VNC over SSH

ebberz

Member
Oct 8, 2009
36
0
0
I'm sure this has been asked before but couldn't pick it out via the search.

I've got a Centos v6.4 server running on a VM however I want to try connecting to it as if it was a standard machine from my Windows 7 client machine.

The easiest method I could see was to use putty and configure the SSH tunnels with a source port of 5900 and destination port of localhost:5900.

So I can make the ssh connection and login, however when firing up tightVNC and pointing the client at localhost::5900 (or just localhost on its own using the default) I get a connection has been gracefully closed.

Can't see a logfile for it, there's nothing in /var/log/messages on the target host, DISPLAY on the server is set to :0.0.

Not sure where I need to look to sort it?
Thanks
 

smakme7757

Golden Member
Nov 20, 2010
1,487
1
81
Doesn't VNC encrypt the connection? Is there any reason why you first want to tunnel with SSH and then use VNC?
 

Red Squirrel

No Lifer
May 24, 2003
70,032
13,493
126
www.anyf.ca
I've seen this before, I think it has to do with a slow connection or improper tunnel.

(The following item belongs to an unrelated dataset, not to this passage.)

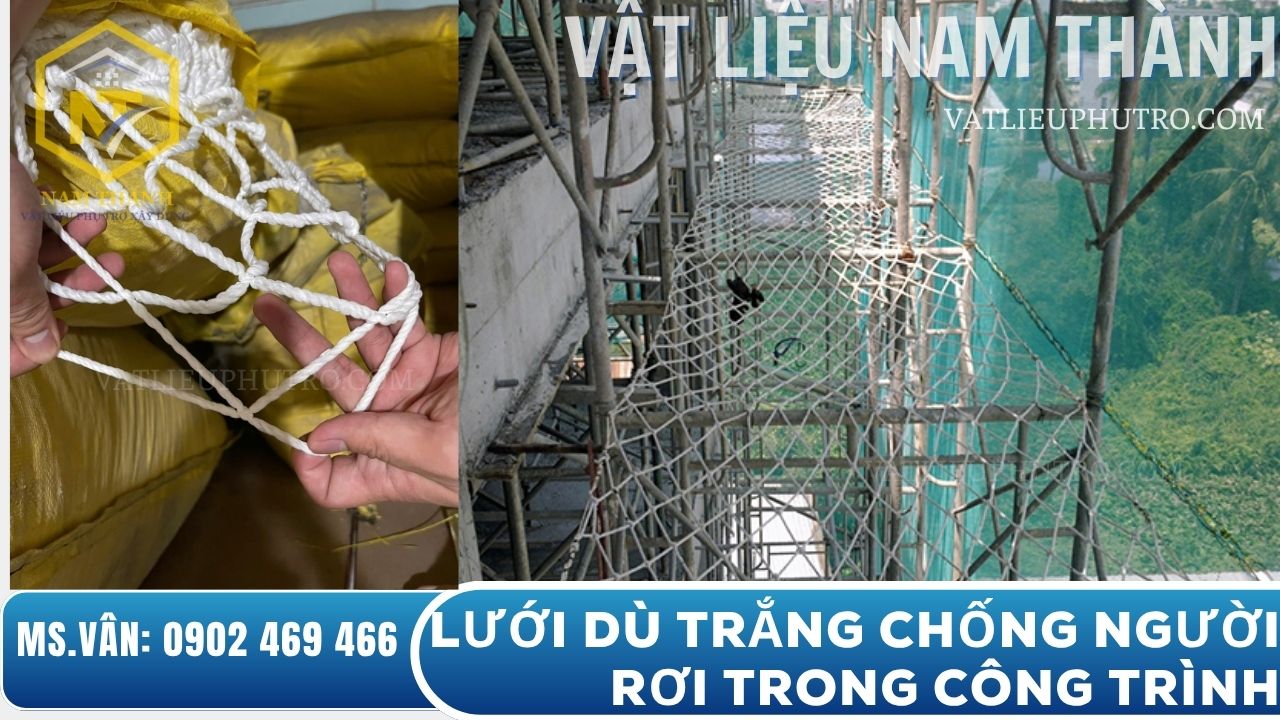 Lưới dù trắng chống ngã công trình, bền chắc, ngăn rơi vật liệu và bảo vệ công nhân xây dựng – Vật tư Nam Thành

Do double check that the port and server match up though. Remember localhost:port is localhost on the server you are SSHing into. Sometimes VNC ends up on 5901 for some reason. Also locally instead of connecting to localhost try connecting to 127.0.0.2 or something. (anything in 127.0.0.0/8 range is localhost)

SSH tunnel is the way to go for this though, you don't want to open up the VNC port to the public. it makes another potential attack avenue. Have SSH open only and setup fail2ban for brute force protection. Idealy use another port for SSH too. Keeps your log files clean from all the bots.